### Try it
Could you please retype all of the records exactly, skipping any pictures?

Collected data
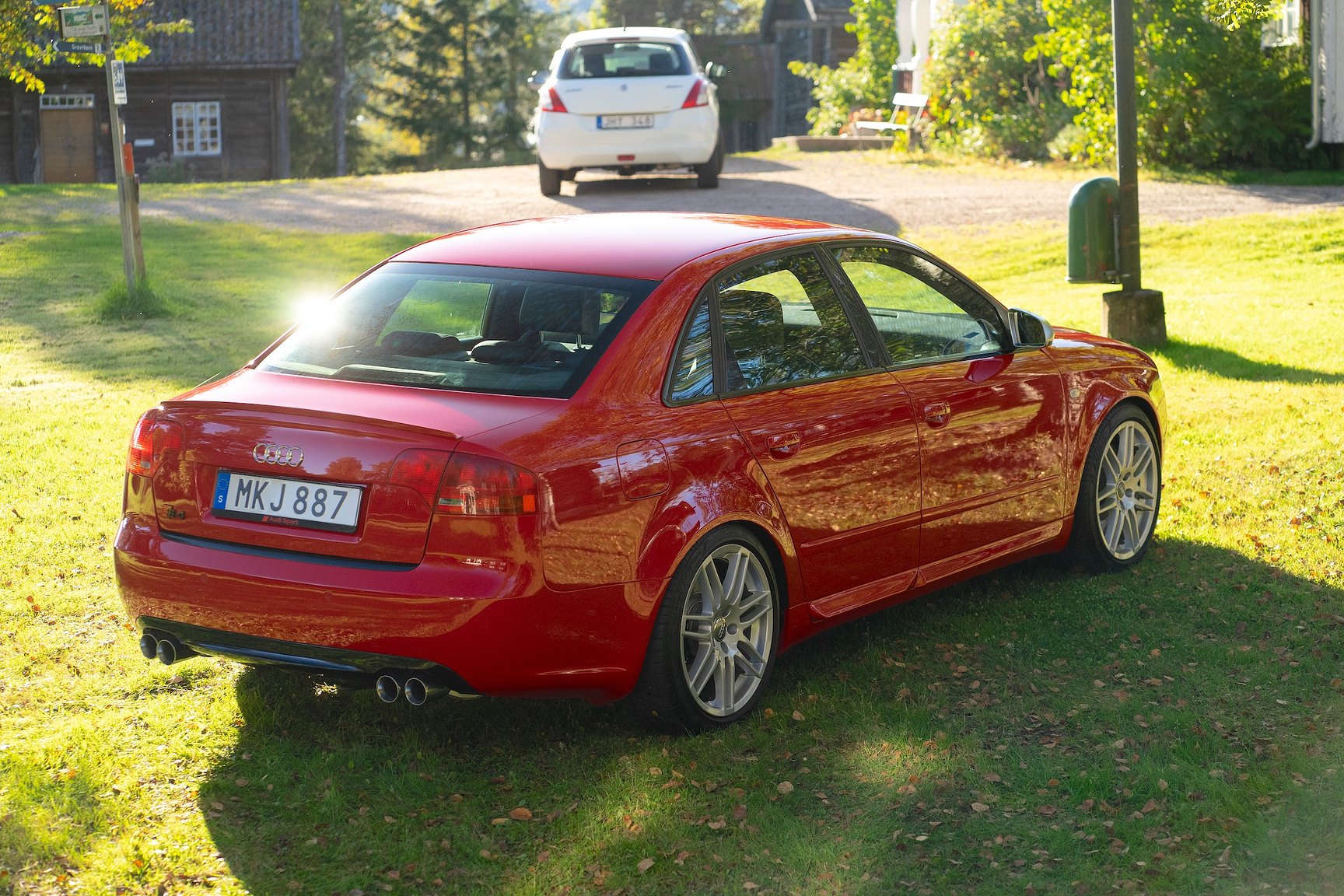 Exterior image of 2007 Audi  S4 quattro 4.2 V8 manuell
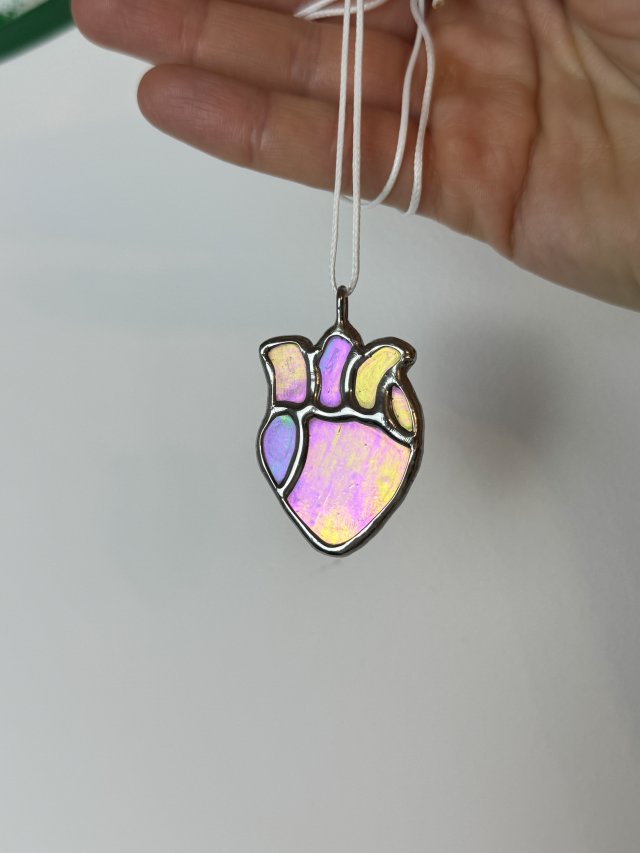 NASZYJNIK SZKLANY ANATOMICZNE SERCE WISIOREK WITRAŻ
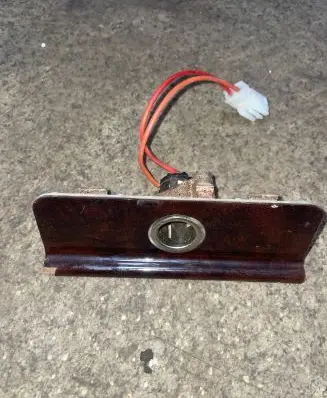 BMW 7 E38 Cigarette lighter 51168165302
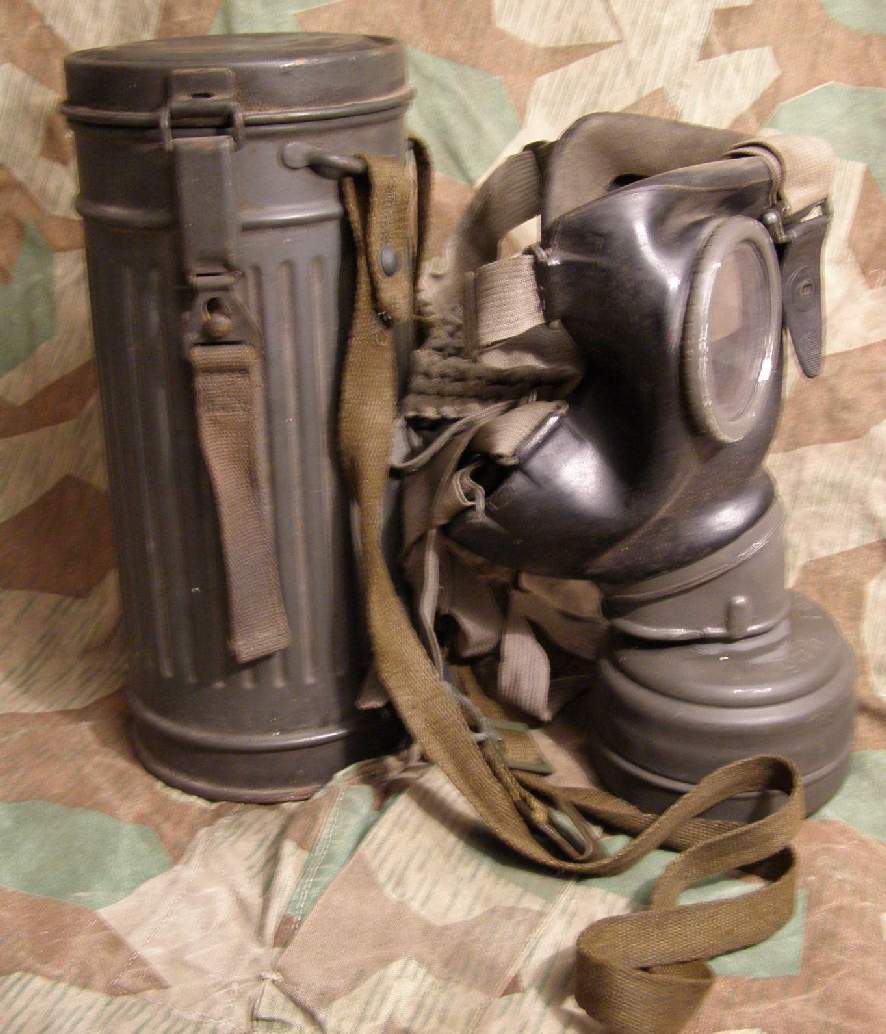WEHRMACHTS GASMASKE IN HOHER BLECHDOSE Z 2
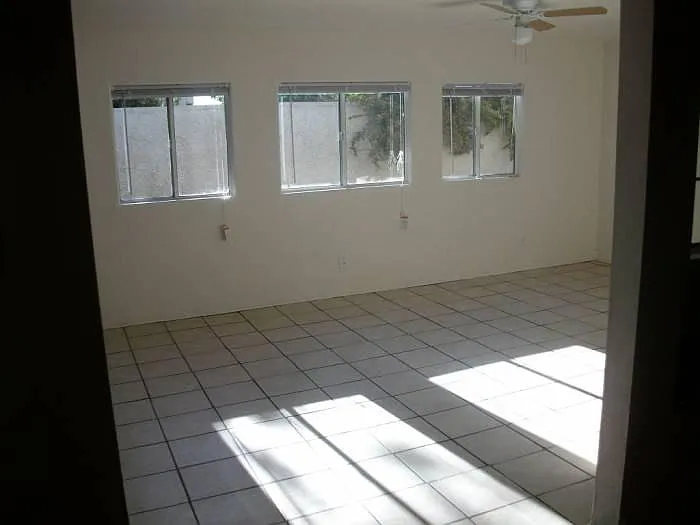 2998 Kennewick Dr — Photo 3
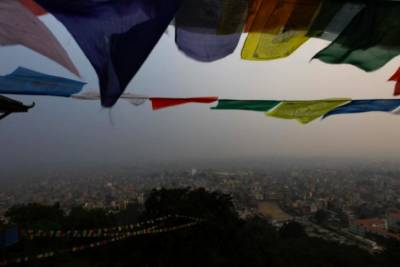 Зеленский поручил вернуть домой застрявших в Непале украинцев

### Result for this task
 Exterior image of 2007 Audi  S4 quattro 4.2 V8 manuell
 NASZYJNIK SZKLANY ANATOMICZNE SERCE WISIOREK WITRAŻ
 BMW 7 E38 Cigarette lighter 51168165302
WEHRMACHTS GASMASKE IN HOHER BLECHDOSE Z 2
 2998 Kennewick Dr — Photo 3
 Зеленский поручил вернуть домой застрявших в Непале украинцев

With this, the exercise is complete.